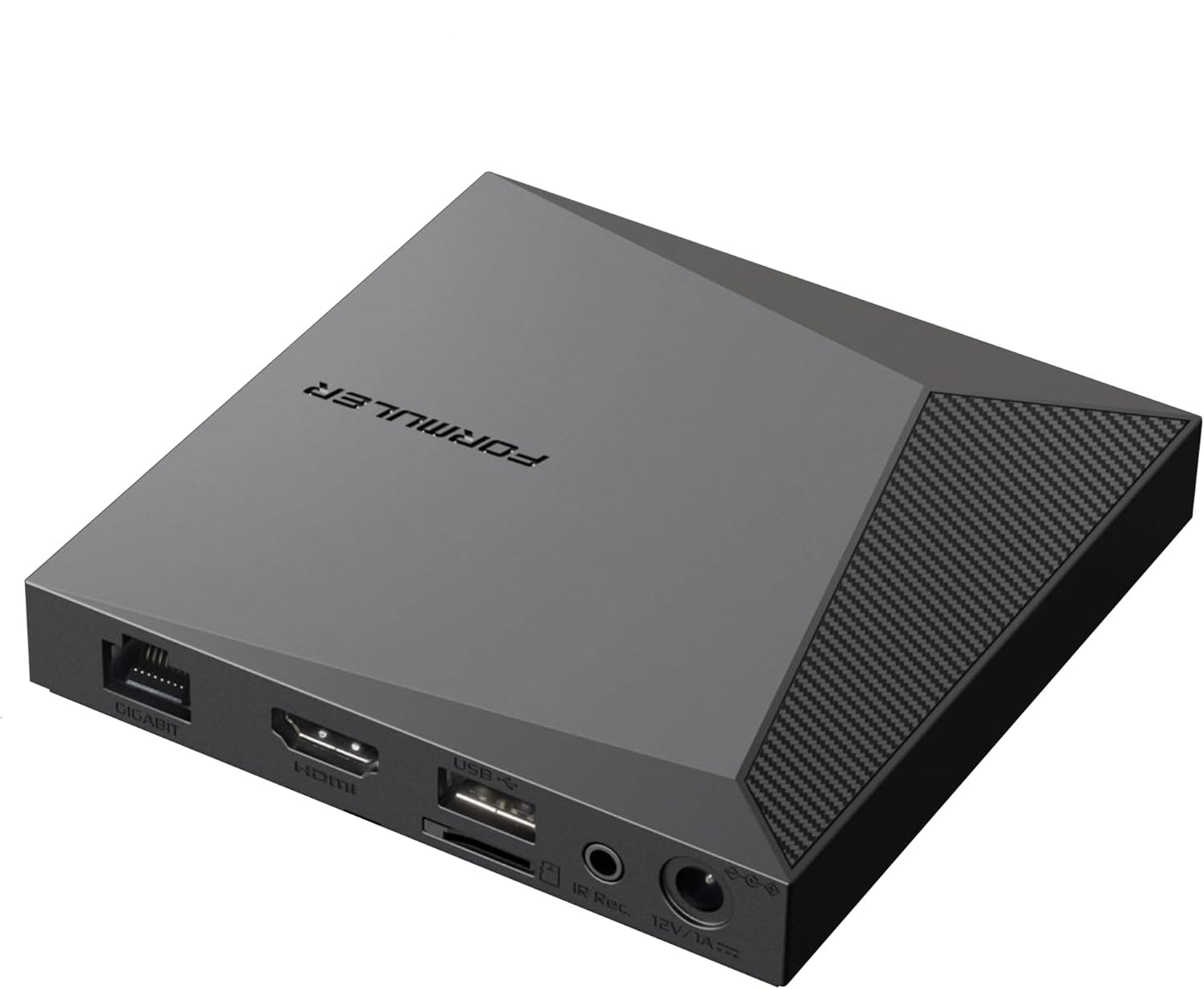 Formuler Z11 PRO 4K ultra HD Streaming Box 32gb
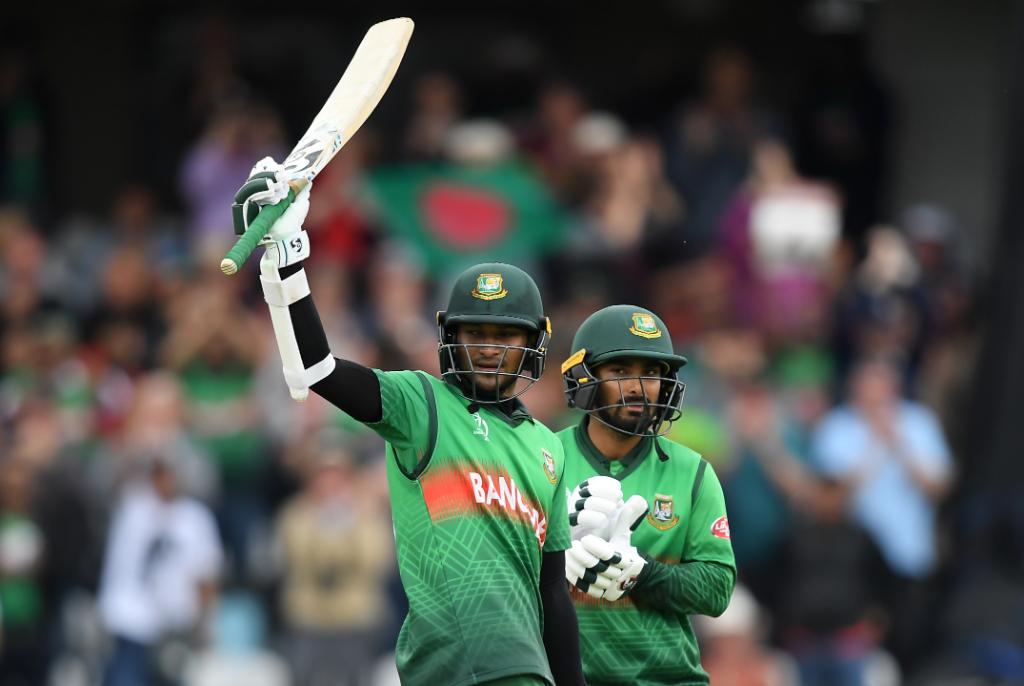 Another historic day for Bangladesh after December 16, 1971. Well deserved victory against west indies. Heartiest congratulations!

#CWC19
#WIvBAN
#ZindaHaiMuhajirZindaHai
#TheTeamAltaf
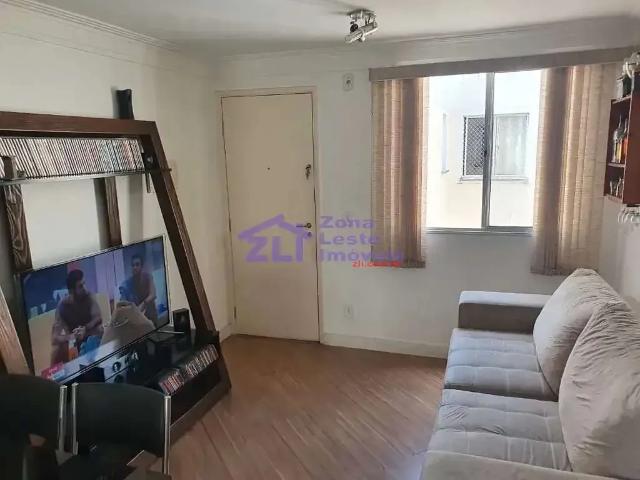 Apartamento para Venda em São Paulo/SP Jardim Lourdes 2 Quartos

—————

• TASK
Without the pictures, return the records above exactly as written.

• PROBLEM SOLUTION
 Formuler Z11 PRO 4K ultra HD Streaming Box 32gb
 Another historic day for Bangladesh after December 16, 1971. Well deserved victory against west indies. Heartiest congratulations!

#CWC19
#WIvBAN
#ZindaHaiMuhajirZindaHai
#TheTeamAltaf
 Apartamento para Venda em São Paulo/SP Jardim Lourdes 2 Quartos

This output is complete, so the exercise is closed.